Exercise aim
The listing is to be returned word for word, without its images.

Dataset extract

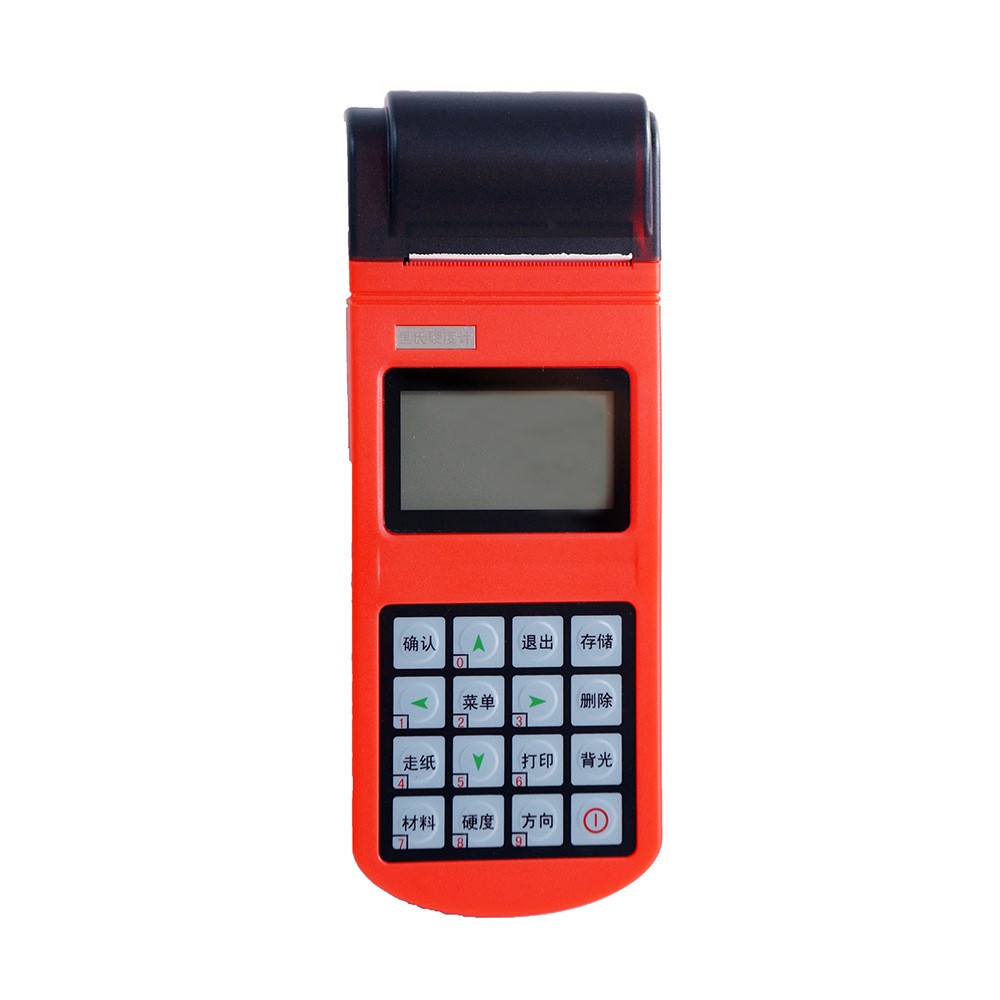 聊城HT160便携式里氏硬度计 金属硬度计 钢材铸件硬度测试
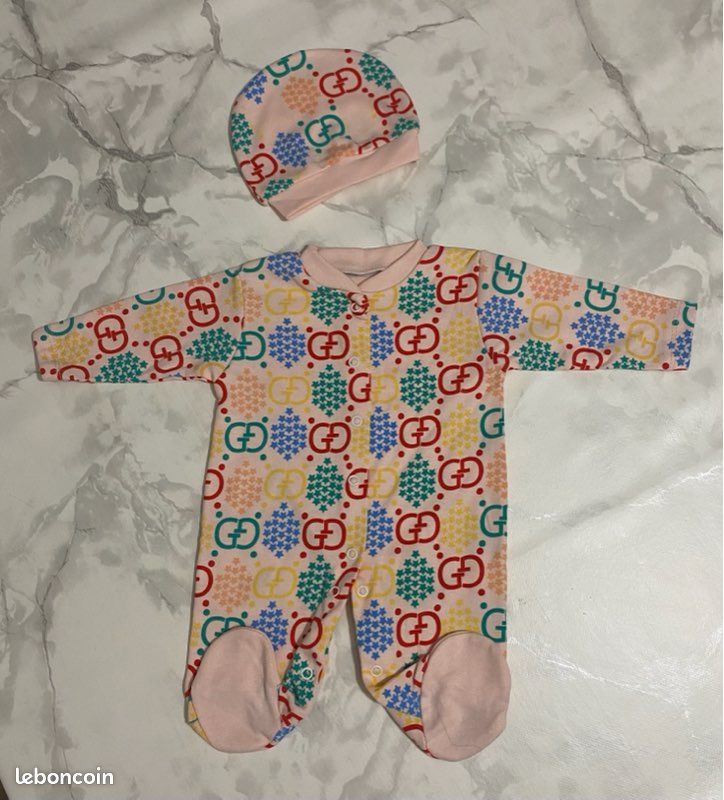 Ensemble bébé ( fille )🌸 (image 1)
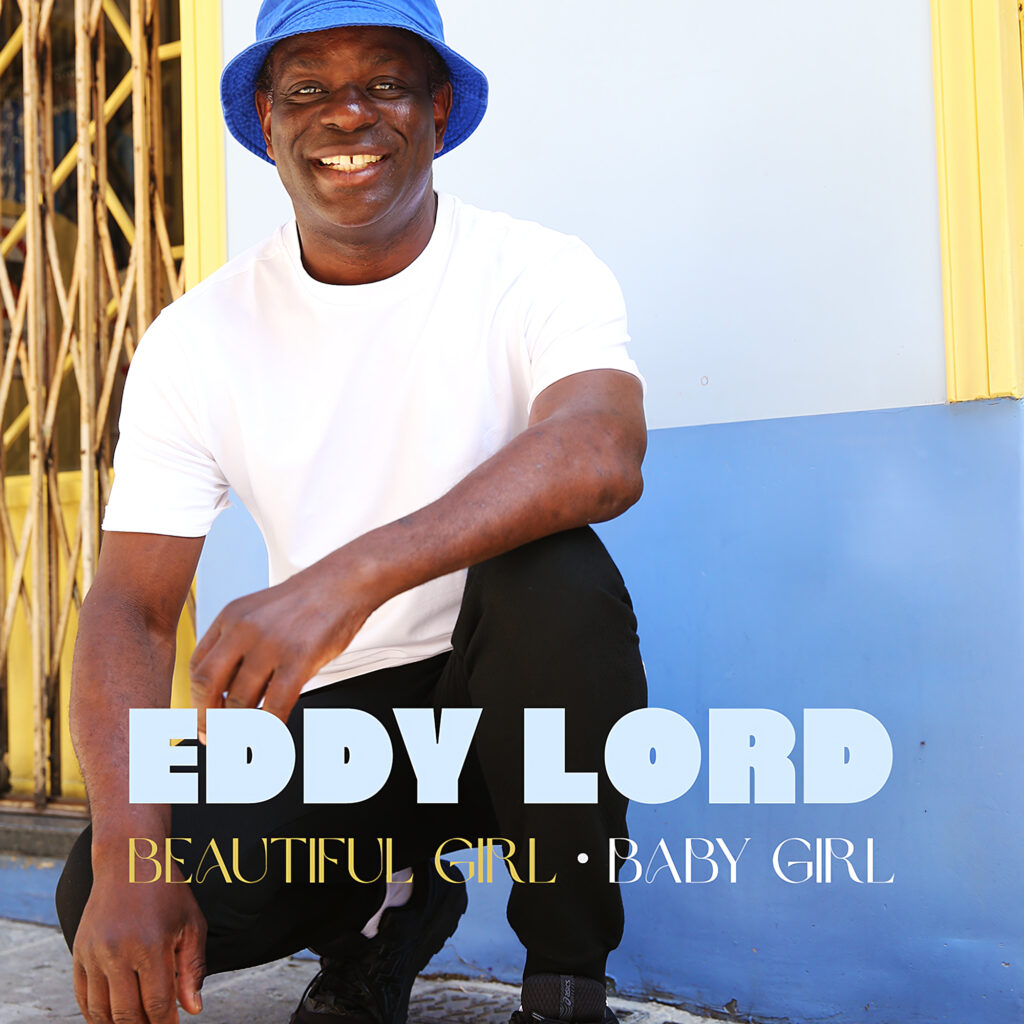 cover single art Eddy Lord Beautiful Girl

Reply
 聊城HT160便携式里氏硬度计 金属硬度计 钢材铸件硬度测试
 Ensemble bébé ( fille )🌸 (image 1)
 cover single art Eddy Lord Beautiful Girl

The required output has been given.